While reading Pham’s Ms. article, I was intrigued by her example of women dressing to mimic the male figure to appear more masculine in the workplace. This made me think about how women present themselves differently to impress different people. In one of my favorite magazines, Glamour, there are often fashion or beauty tips concerning what guys think is attractive versus what girls think is attractive, such as in this article, “Guy Pretty vs. Girl Pretty.” This article writes that men and women perceive certain beauty and fashion styles extremely differently, and it is virtually impossible for women to please both sexes when making their fashion and beauty choices.

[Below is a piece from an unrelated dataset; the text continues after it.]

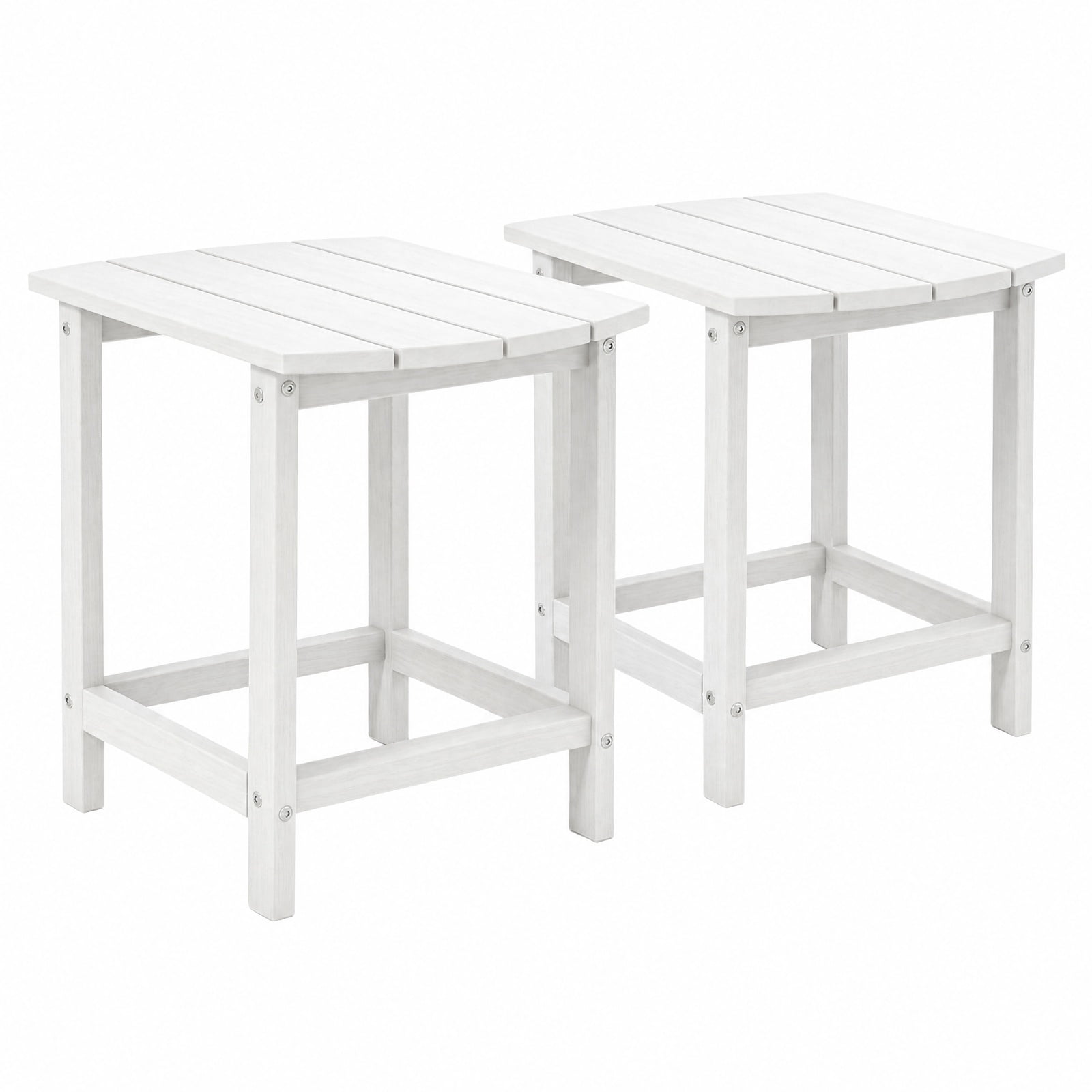 Furnibear 18 Inch Adirondack Outdoor Side Table Set of 2 with Wide Weather Resistant Tops for Patio Garden and Backyard Chairs, White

Risks in presentation: a personal example
I am a white student, and what I find myself asserting is often not explicitly my racial identity but my age. There are many ways to dress the part of a young white woman: for example, in my last office job, my clothes became more colorful and less covering over time. Alternately, as a mainline Protestant, I sometimes dress in religious settings to call attention to the difference my age creates. The reaction to my presence is often varied: people often thank me for being present, but I have been told that I “don’t have enough life experience” to comment. In this case, I intend to draw attention to what differentiates me, though the result is not always positive
Ford states, “Women of color in particular use their clothing to challenge and redefine notions of ‘professional’ attire on their own terms,” and when I wear colored tights in an office or sneakers with a church dress, I assert my ability to participate distinctly as a young person. Yet the assertion is cautious, and my dress only changes after I am convinced that right exists.
Women navigate a variety of possibilities, and a huge range of expectations, in dress. In our experience, risks can pay off by providing valuable attention or cause negative reactions; for Ford, the risks may be greater for non-normative bodies, but the more the risks are taken, the more they become accepted.